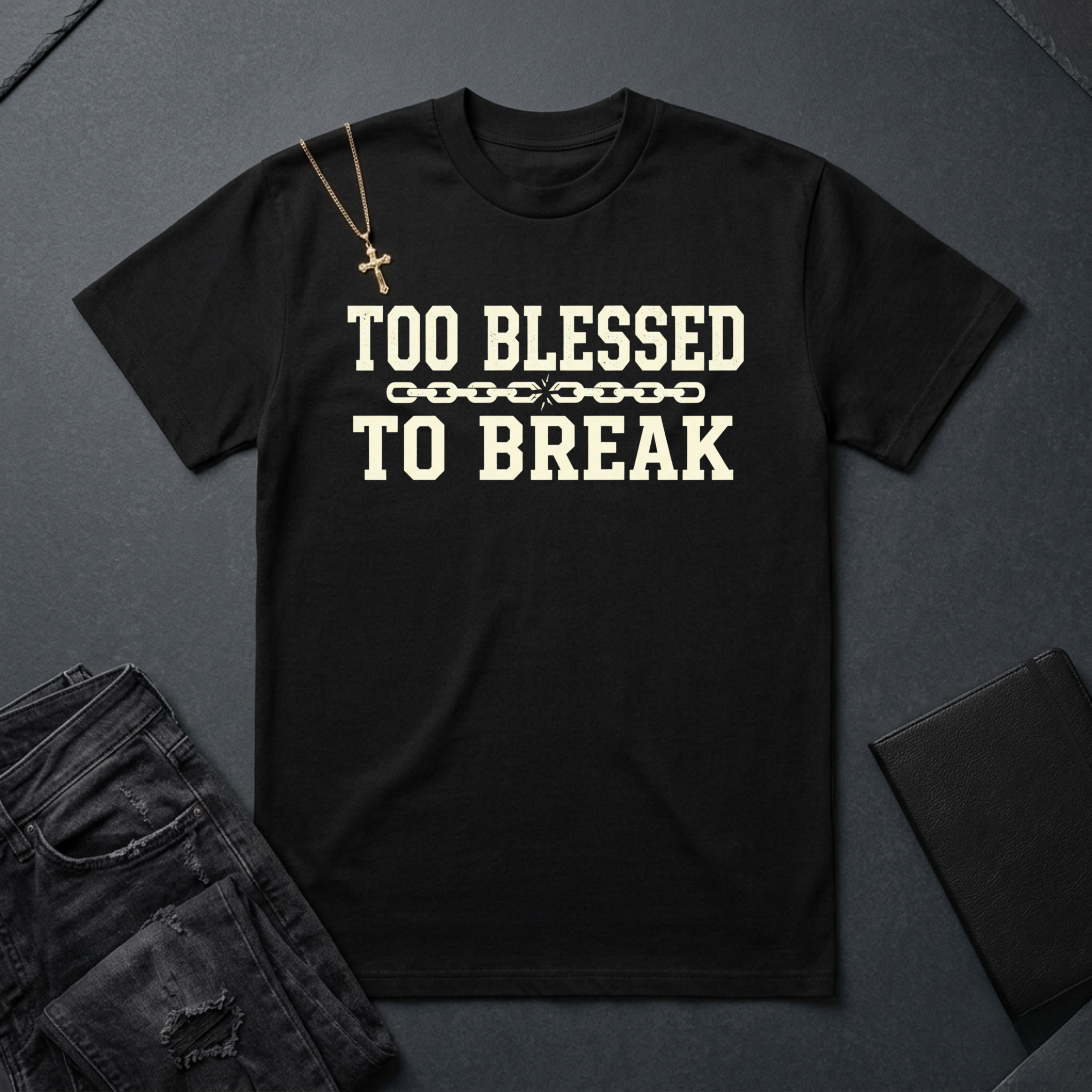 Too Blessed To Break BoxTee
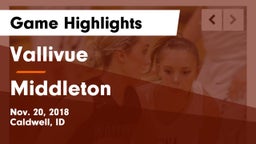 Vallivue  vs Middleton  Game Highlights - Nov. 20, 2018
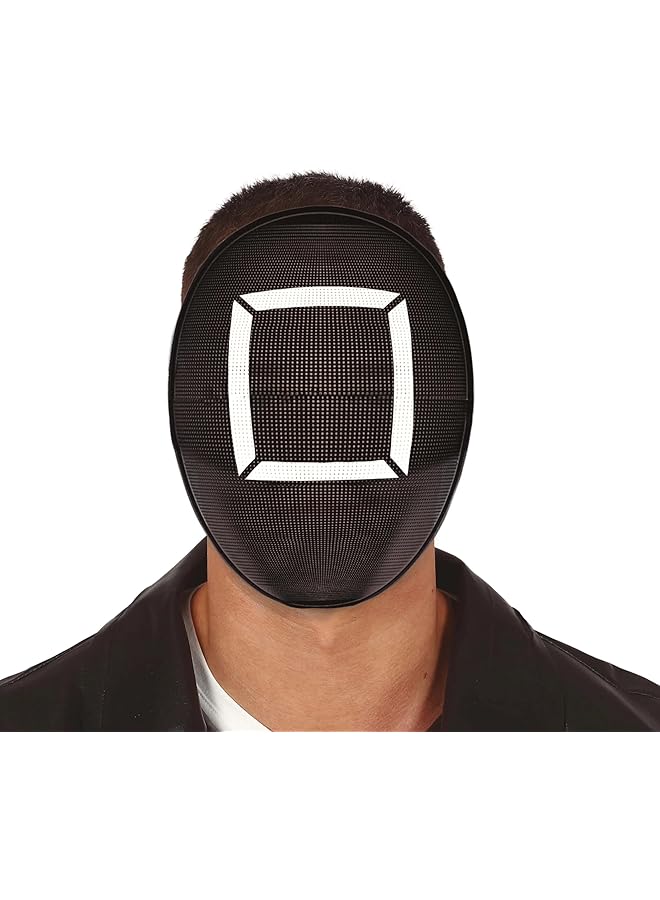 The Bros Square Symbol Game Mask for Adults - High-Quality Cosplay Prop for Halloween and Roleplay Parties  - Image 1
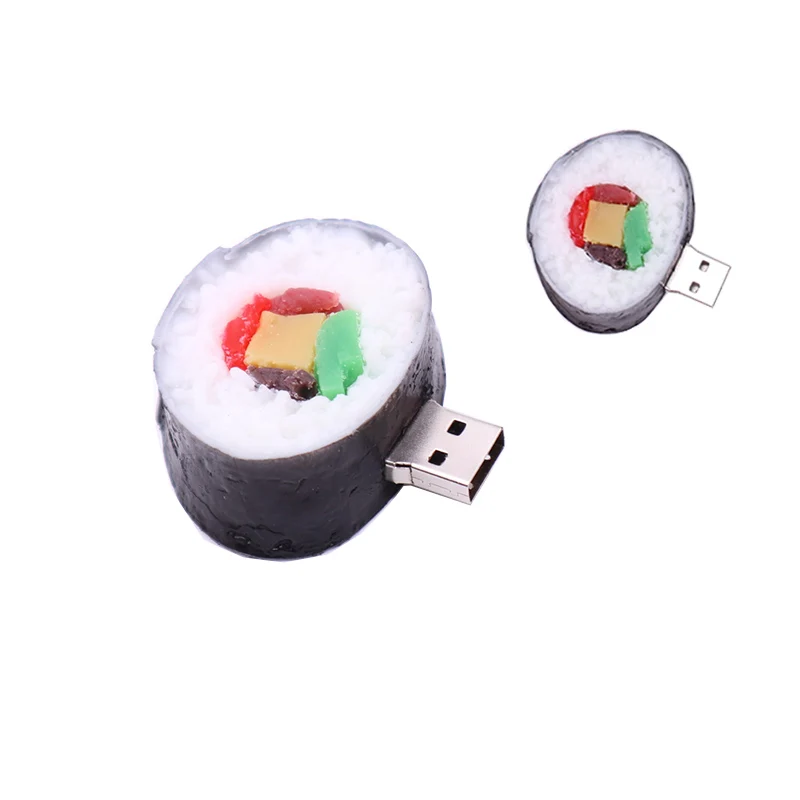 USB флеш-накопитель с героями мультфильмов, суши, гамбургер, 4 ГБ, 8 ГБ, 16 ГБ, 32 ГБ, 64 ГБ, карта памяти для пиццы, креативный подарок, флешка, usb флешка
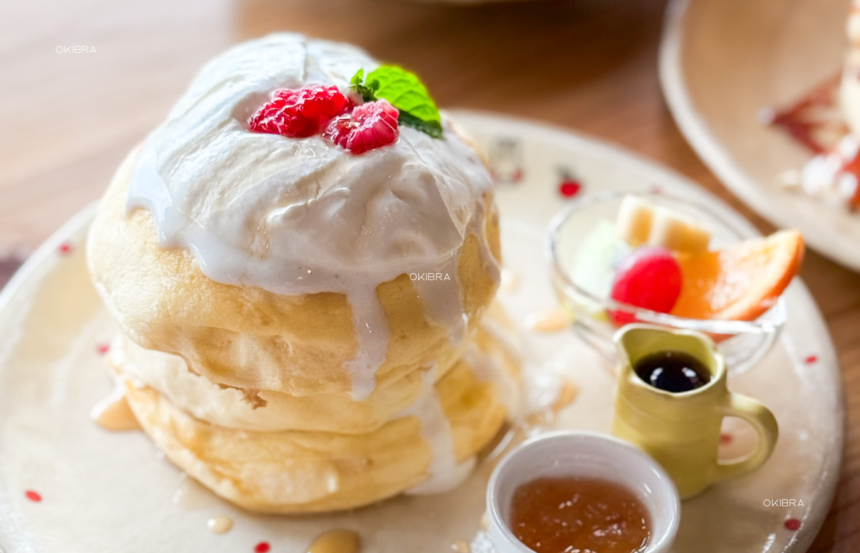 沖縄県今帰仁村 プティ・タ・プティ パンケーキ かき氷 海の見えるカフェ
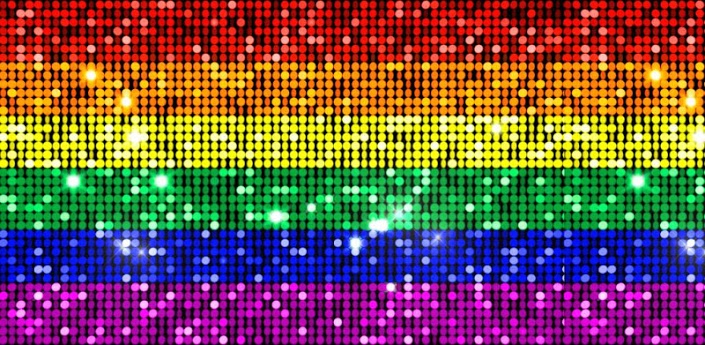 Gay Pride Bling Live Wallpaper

■ **Task requirements**
Could you set down every record above exactly as written, leaving out the pictures?

■ **Written solution**
 Too Blessed To Break BoxTee
 Vallivue  vs Middleton  Game Highlights - Nov. 20, 2018
 The Bros Square Symbol Game Mask for Adults - High-Quality Cosplay Prop for Halloween and Roleplay Parties  - Image 1
 USB флеш-накопитель с героями мультфильмов, суши, гамбургер, 4 ГБ, 8 ГБ, 16 ГБ, 32 ГБ, 64 ГБ, карта памяти для пиццы, креативный подарок, флешка, usb флешка
 沖縄県今帰仁村 プティ・タ・プティ パンケーキ かき氷 海の見えるカフェ
 Gay Pride Bling Live Wallpaper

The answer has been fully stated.